I have an Elixir app that I am developing and have a single app instance deployment using the default canary strategy.

I’m observing the following order of operations after running fly deploy:

  1. Health checks pass for new instance
  2. Old instance is shut down
2022-01-21T19:55:06.720 app[5b9740cd] ewr [info]Sending signal SIGTERM to main child process w/ PID 510
2022-01-21T19:55:06.720 app[5b9740cd] ewr [info]19:55:06.720 [notice] SIGTERM received - shutting down
  1. Connections continue routing to the old instance for a time
error.message="problem connecting to app instance" 2022-01-21T19:55:07.403 proxy[5b9740cd] ewr [error]error.code=2000 
error.message="problem connecting to app instance" 2022-01-21T19:55:08.046 proxy[5b9740cd] ewr [error]error.code=2000 
...
error.message="App connection timed out" 2022-01-21T19:55:12.962 proxy[5b9740cd] ewr [error]error.code=2001 
error.message="App connection timed out" 2022-01-21T19:55:15.192 proxy[5b9740cd] ewr [error]error.code=2001 
...
error.message="Internal problem" 2022-01-21T19:55:15.678 proxy[5b9740cd] ewr [error]error.code=2 
error.message="Internal problem" 2022-01-21T19:55:15.781 proxy[5b9740cd] ewr [error]error.code=2 
error.message="Internal problem" 2022-01-21T19:55:15.960 proxy[5b9740cd] ewr [error]error.code=2 
  1. Visits to the site in this short window all time out with issues

  2. Deployment eventually completes and requests all go to the new instance

Reading around the forum, it seems like this might be related to @kurt’s comment in the following issue about slow service propagation.

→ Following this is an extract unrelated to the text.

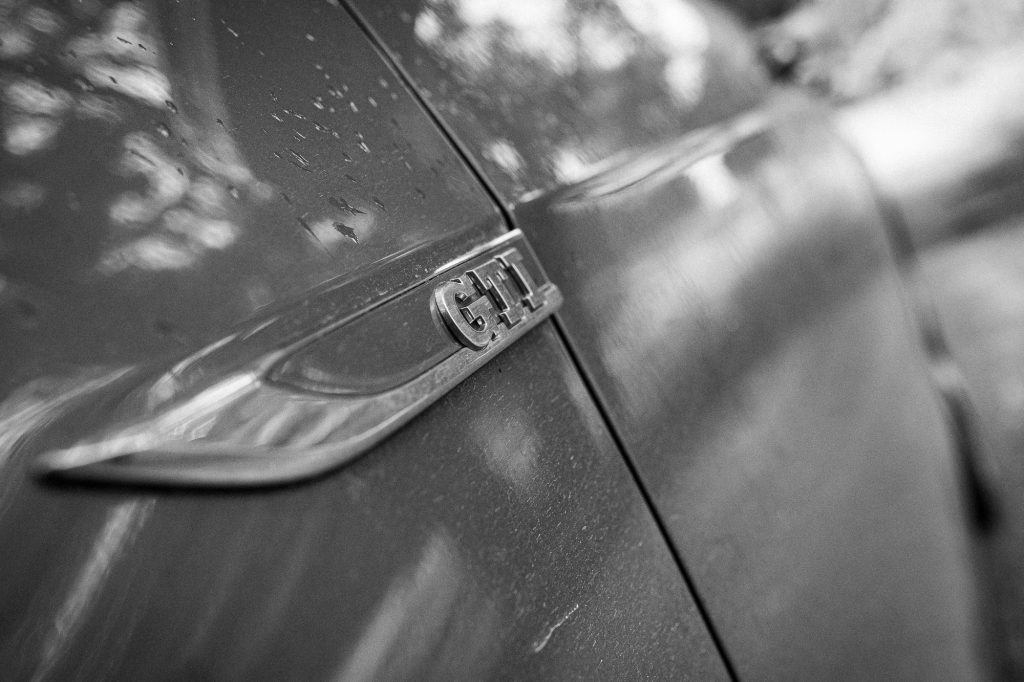 VW GTI badge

Does this seem like the same issue? Is there anything I can do to debug further?

Thanks!

Yes that’s almost definitely the same issue. We are so close to having this fixed, so the answer might be “just bear with us”. But the workaround answer is that running 3 nodes will likely mask the problem.

1 Like

Cool thank you @kurt. I’ll give that a shot. Is there anywhere I can check back in when you guys have fixed that?

I will try to make a point to reply here. We will make a HUGE deal of it in the forums when we get it solved. So check back here occasionally?

3 Likes

Will do, thanks!

Give it a try now, it should be much better. :smiley:

3 Likes

Was running the following to check the deployment.
Running my application with a scale count of 3.
Also running my application behind Cloudflare.

while true; do curl -s -o /dev/null -w "%{http_code}\n" https://karambit.ai; sleep 1; done

Previously, I would get tons of 525 errors as Cloudflare would be unable to reach the backend due to the service discovery issue and take some time to get healthy.

This time around, I got consistent 200s as I did my canary deploy as I would expect.

Looks fantastic, thanks for the update @kurt and kudos to the team for the fix

Massive thanks, I’ve been having these deployment downtime issues even with 2 instances and bluegreen strategy to mitigate it a bit. It was a bit of a pain.

Today I didn’t have any downtime while deploying :star_struck: I also reverted our app’s deployment strategy to canary as it works equally as well.